Assigned task:
Identical copies of all the records below are needed.

Short text fragments from websites:
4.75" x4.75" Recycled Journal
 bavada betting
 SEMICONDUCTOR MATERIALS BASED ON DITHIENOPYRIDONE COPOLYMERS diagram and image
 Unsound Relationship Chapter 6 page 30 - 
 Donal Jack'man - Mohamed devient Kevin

Response area:
4.75" x4.75" Recycled Journal
 bavada betting
 SEMICONDUCTOR MATERIALS BASED ON DITHIENOPYRIDONE COPOLYMERS diagram and image
 Unsound Relationship Chapter 6 page 30 - 
 Donal Jack'man - Mohamed devient Kevin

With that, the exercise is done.